We also highlighted the three remaining obstacles for the establishment of diplomatic relations -- namely the restrictions on U.S. diplomat's movement; the inspection of diplomatic pouches for the mission; and the Castro regime's police cordon to intimidate Cubans.
Thus, the question remained whether the Obama Administration would also cave to those demands from the Castro regime.
The answer came before the negotiations even started.
According to Article 26 of the Vienna Convention on Diplomatic Relations, "the receiving State shall ensure to all members of the mission freedom of movement and travel in its territory."
Yet, even before the fourth round of negotiations began yesterday, the lead Obama Administration negotiator, U.S. Assistant Secretary of State Roberta Jacobson, publicly agreed to accept restrictions on U.S. diplomats, similar to those in China and Vietnam.
Instead, she stated the U.S. only seeks to "minimize" them.
(On a side note: Why do U.S. diplomats still have restrictions in China and Vietnam despite decades of normalized relations, trade and investment?

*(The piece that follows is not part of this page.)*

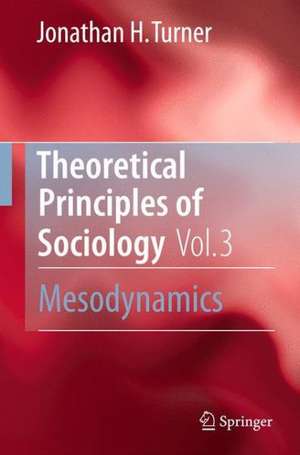 Theoretical Principles of Sociology, Volume 3: Mesodynamics de Jonathan H. Turner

Clearly, a failure of our engagement policy.)
The Castro regime is surely delighted to know this beforehand.
Of course, it is absurd for the U.S. to accept such restrictions on our diplomats anywhere in the world, specially in the Western Hemisphere, where it is unprecedented.
The Obama Administration is opening a Pandora's Box, which will result in a great disservice to U.S. regional interests.
How long do you think it will be before Venezuela, Ecuador, Bolivia, Nicaragua and other Castro allies begin requiring similar restrictions on U.S. diplomats in those countries?
The U.S. should have made it absolutely clear that any such restrictions were unacceptable.
But clearly the U.S. team is at a negotiating disadvantage.